EXERCISE: In your copy, repeat the records exactly and leave out the pictures.
◆ ◆ ◆
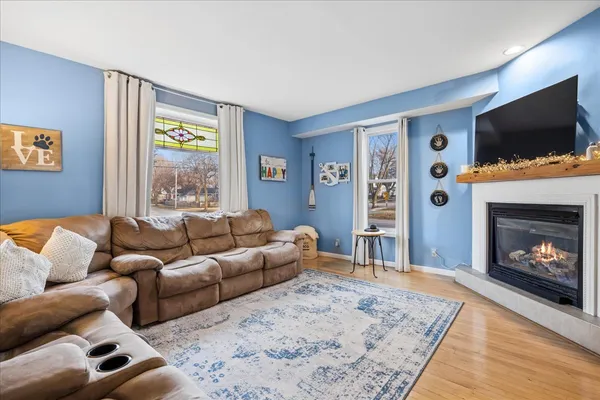 $385,000 | 121 South Walkup Avenue, Crystal Lake, IL 60014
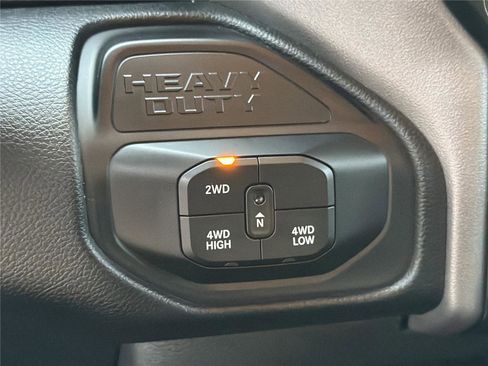 Used 2025 RAM 2500 Big Horn image 34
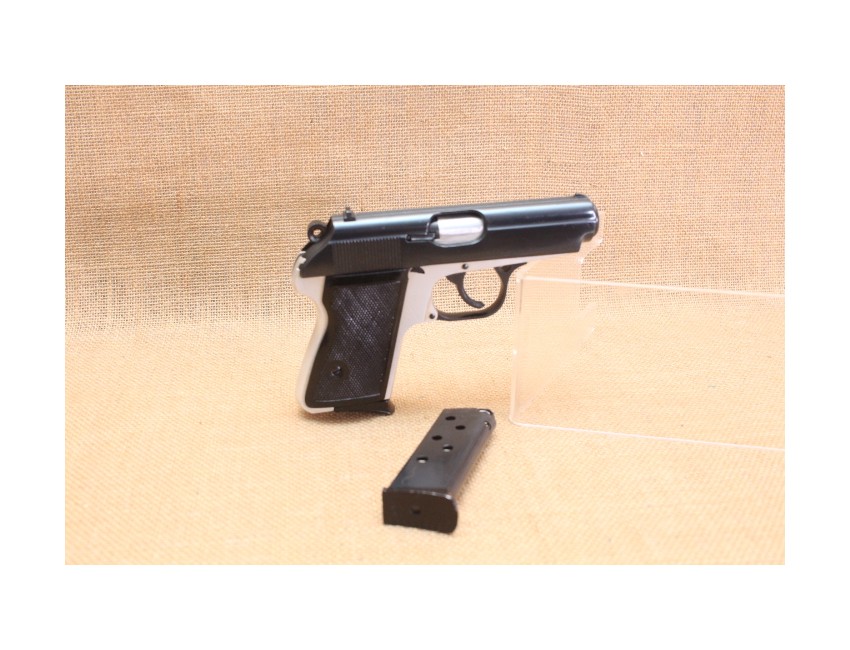 FEG R61 calibre 9 mm Makarov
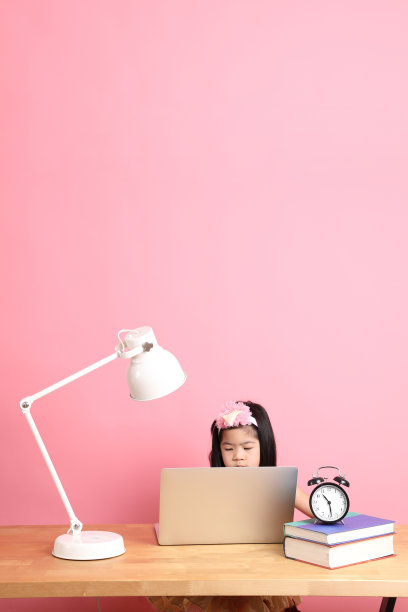 在家里学习图片下载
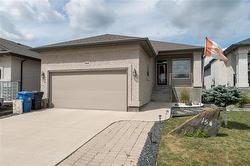 154 Philip Lee DR  Winnipeg, MB R3W 0H8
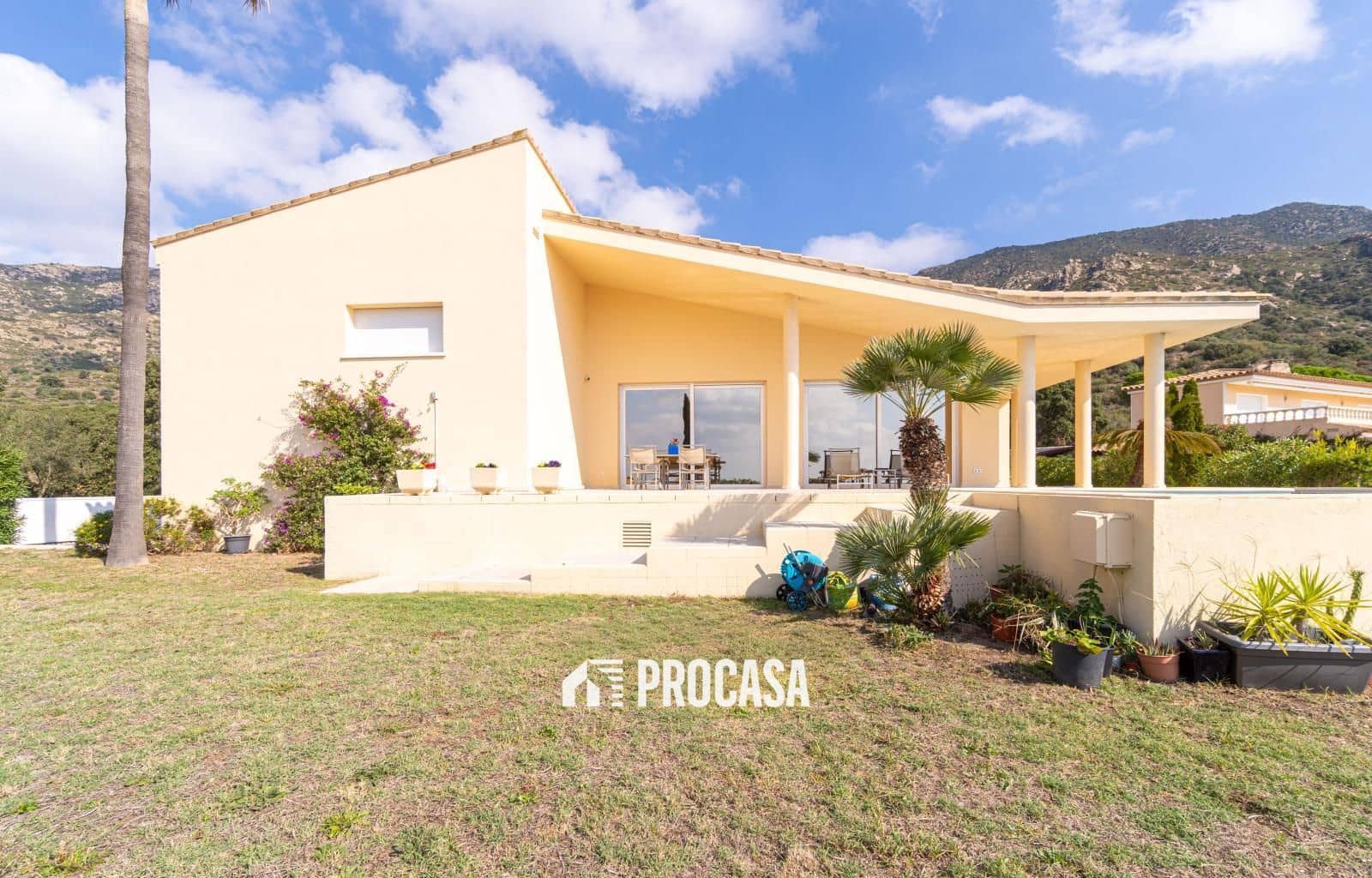 4 Zimmer Villa zu verkaufen in Palau-saverdera mit Pool Garage - 1.250.000 € (Ref: 9327006)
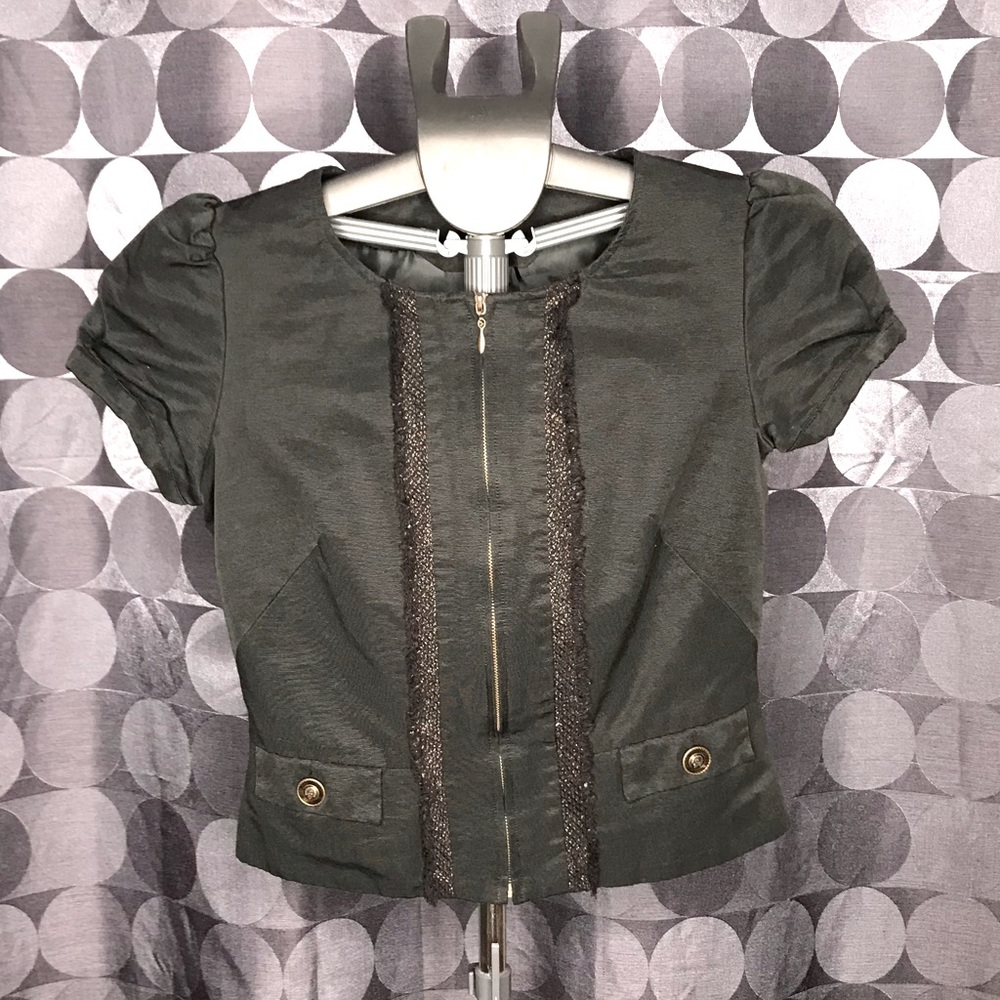 Zip up short sleeve jacket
◆ ◆ ◆
RESPONSE BELOW:
 $385,000 | 121 South Walkup Avenue, Crystal Lake, IL 60014
 Used 2025 RAM 2500 Big Horn image 34
 FEG R61 calibre 9 mm Makarov
 在家里学习图片下载
 154 Philip Lee DR  Winnipeg, MB R3W 0H8
 4 Zimmer Villa zu verkaufen in Palau-saverdera mit Pool Garage - 1.250.000 € (Ref: 9327006)
 Zip up short sleeve jacket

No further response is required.